Pero también podemos leer este pasaje de otra forma y realizar nuestra propia elección narrativa y ética. La vida de las familias corrientes, así como la de los famosos y poderosos, está poblada de diálogos parecidos a este entre David y Mical. Muchas mujeres “observan desde la ventana” los comportamientos decorosos e indecorosos de sus maridos. Estas mujeres muchas veces callan en público pero después saben hablar dentro de casa con una autoridad distinta y esencial. Ciertas verdades solo se dicen y se oyen dentro de casa, cuando la familia y aquellos que nos ven de otro modo y nos quieren, nos dicen cosas que nunca nos dirían nuestros “súbditos”, empleados, electores o fans. Son verdades fundamentales para poder vivir bien. El decoro de las mujeres no es el de los varones; sus ojos ven otras cosas. Si se escuchan, sus verdades contienen la salvación de los maridos. Mical solo había visto algo que, desde su punto de observación, no era bueno ni religioso ni devoto. Pero ni el marido ni el redactor del libro de Samuel, que recoge esta antigua tradición, la entienden, y la condenan sin piedad: «Mical, hija de Saúl, no tuvo hijos en toda su vida» (6,23). Mical termina de esta manera en la gran comunidad de los descartados por Dios y por los hombres, reuniéndose con su padre Saúl y con sus hermanos.
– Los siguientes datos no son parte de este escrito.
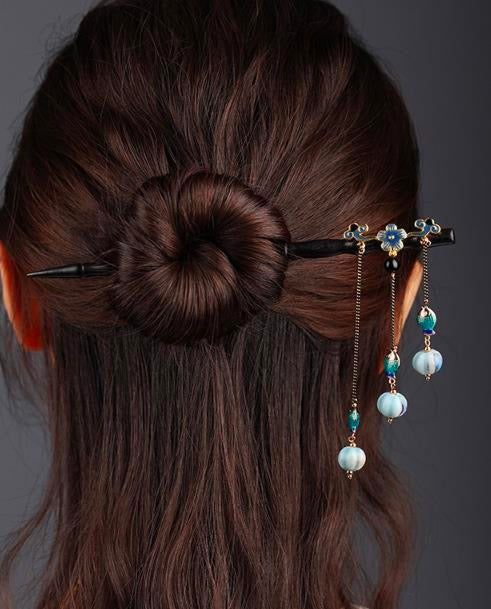 LanternandFishTasselFlowerHairpin-Wood.jpg
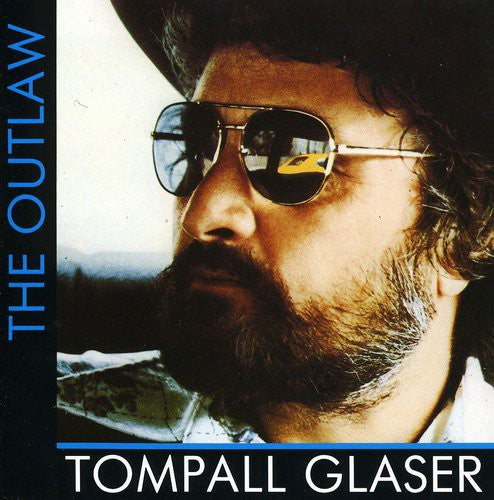 Tompall Glaser: Outlaw - Record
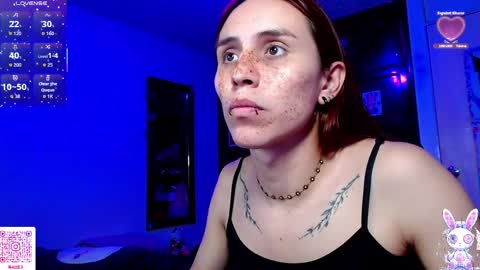 Snapshot of malud_09 chatting on May 27, 1:57 am online show from May 27, 1:57 am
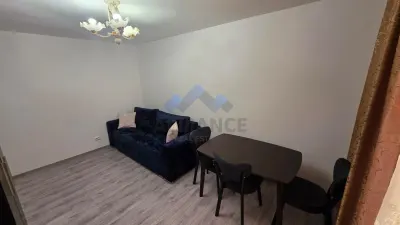 Centru Civic-apartament mobilat si utilat - foto 10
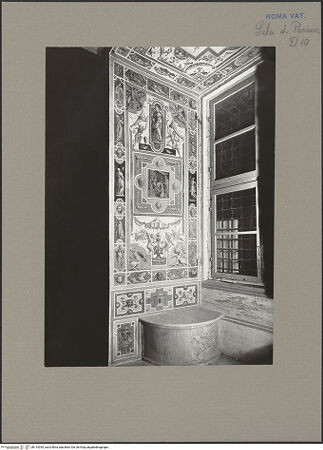 Vorderseite von bh114035_recto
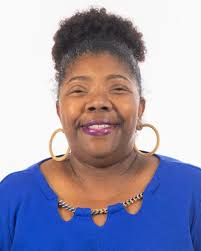 Shondra Greene-Harris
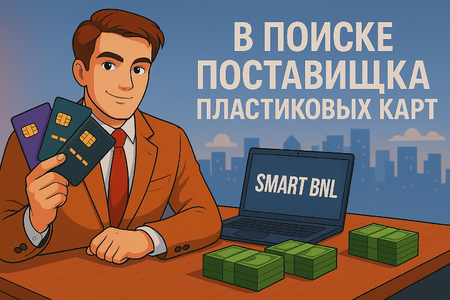 7ed531b8-d067-46f9-a5fb-5bb132f8ec8c.png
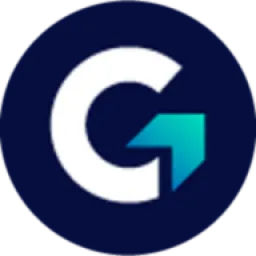Godel Technologies logo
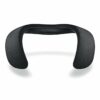 Bose SoundWear, Speaker Wireless Unik yang Dipasang di Leher 23 bose soundwear 6
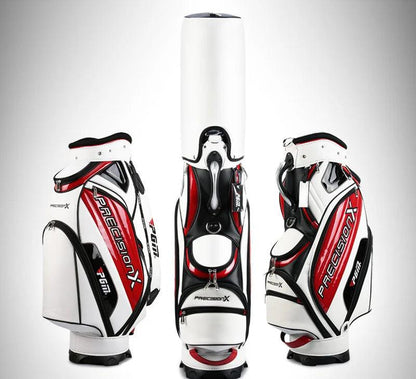 Sba91604ad5c3465e893f1910767f6345v - GOLF LEAGUE
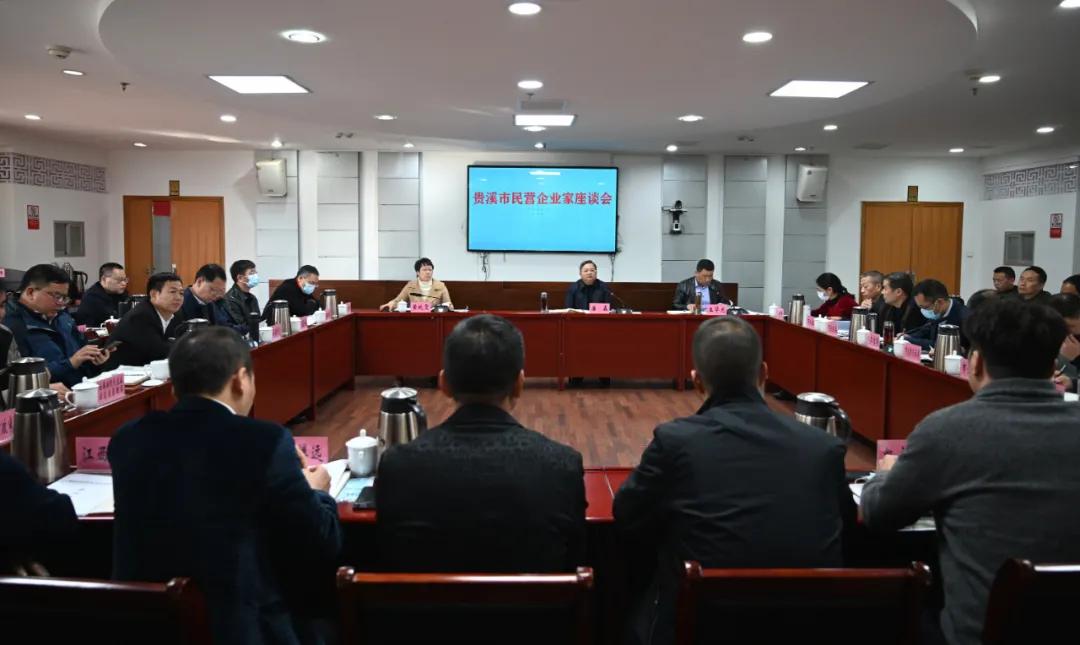 江蘇遠發(fā)新材料上市，科技引領(lǐng)未來，重塑生活潮流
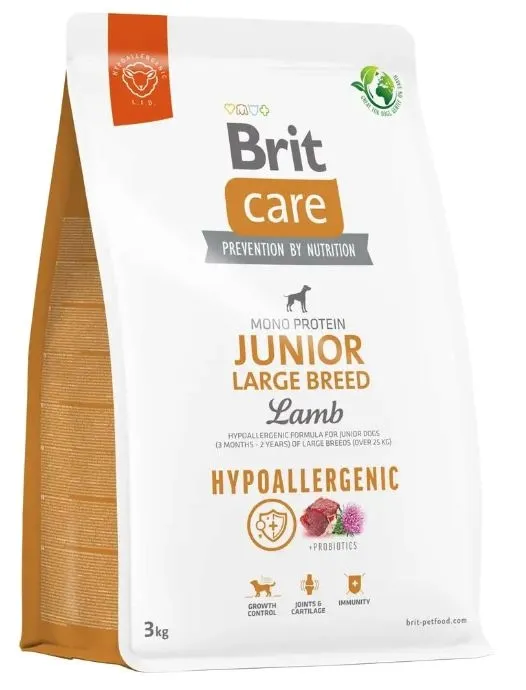 brit-karma-sucha-jagniecina-3-kg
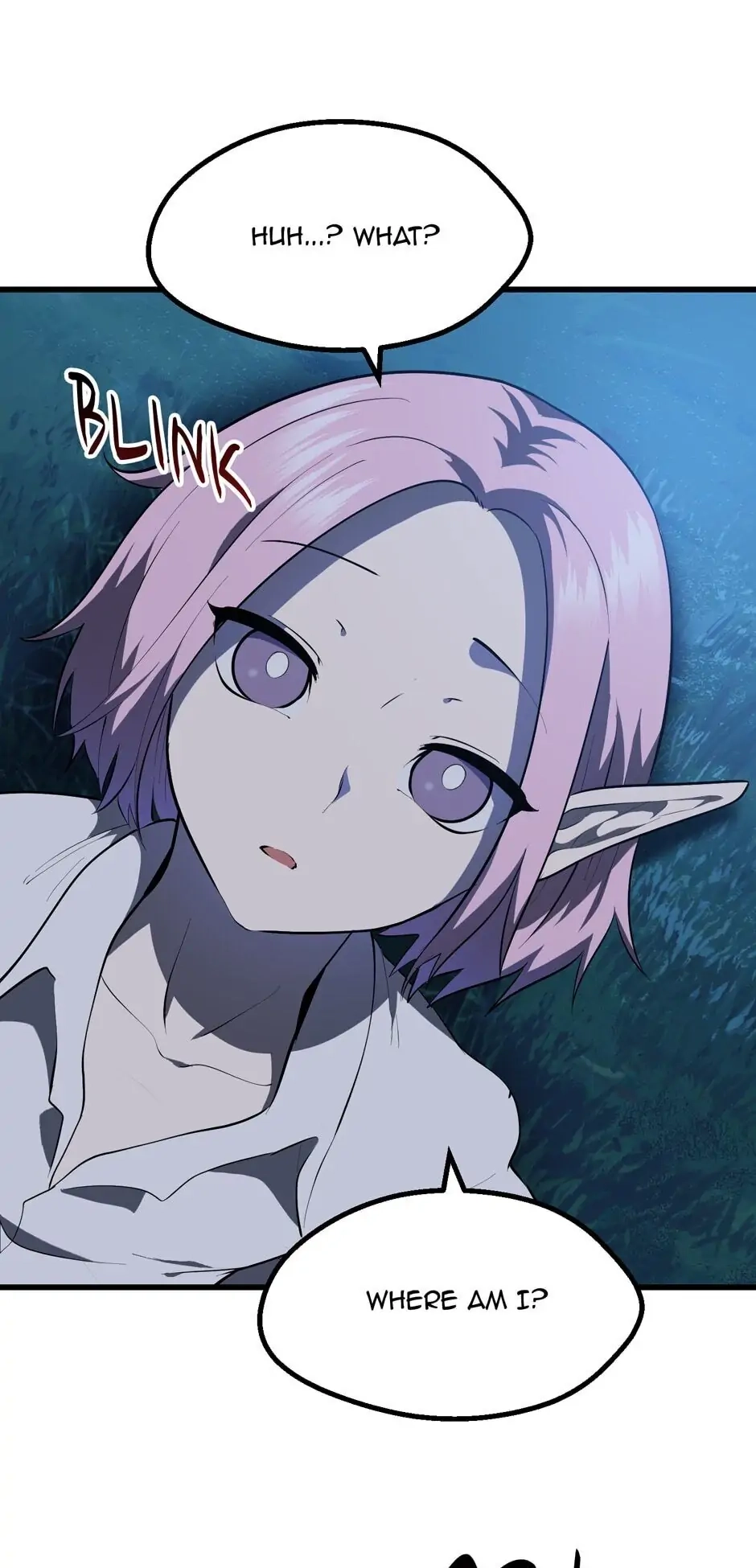 Survival Story of a Sword King in a Fantasy World Chapter 82 - Page 75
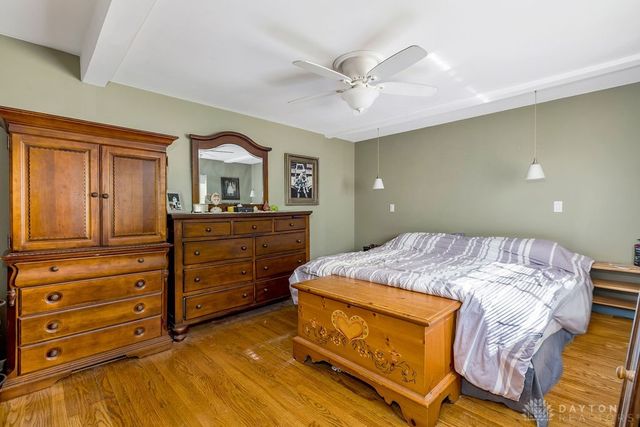 129 Orchard Street, Middletown, OH 45044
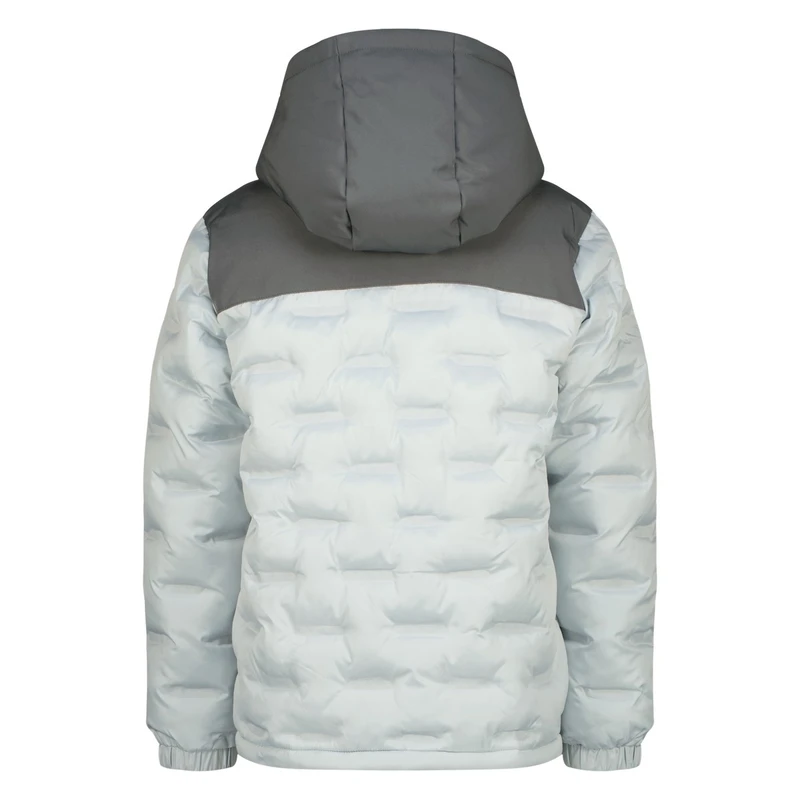 Jongens Jack Tain KBN10003 Vingino LICHT GRIJS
Nosotros podemos dejarla ahí, como han hecho la mayor parte de los comentaristas de este pasaje, abandonada en las periferias existenciales de la Biblia en compañía de los ciegos y los cojos de David. Pero podemos decidir rescatarla, y con ella rescatar a muchas mujeres condenadas y descartadas por la historia y por la vida solo por haber dicho a los maridos y a los poderosos palabras distintas, no aduladoras y más verdaderas, que se han convertido en su condena y muchas veces, en su martirio.
La Biblia y el Evangelio no son suficientes para rescatar a las víctimas y a los pobres. Nos lo enseña la historia. Es esencial nuestra libertad. En las historias de la Biblia demasiadas veces faltamos nosotros, sus lectores. Para llegar hasta la habitación de Mical y decirle: “te entiendo”, debemos querer y elegir hacerlo. Si no es así, no pasamos del umbral de la habitación y de la Biblia. La lectura bíblica es fecunda si se convierte en un ejercicio espiritual y moral para ver y levantar a los humildes y a los humillados, y por tanto para salvar a Dios, a quien demasiadas veces se le coloca de parte de los fuertes y de los vencedores.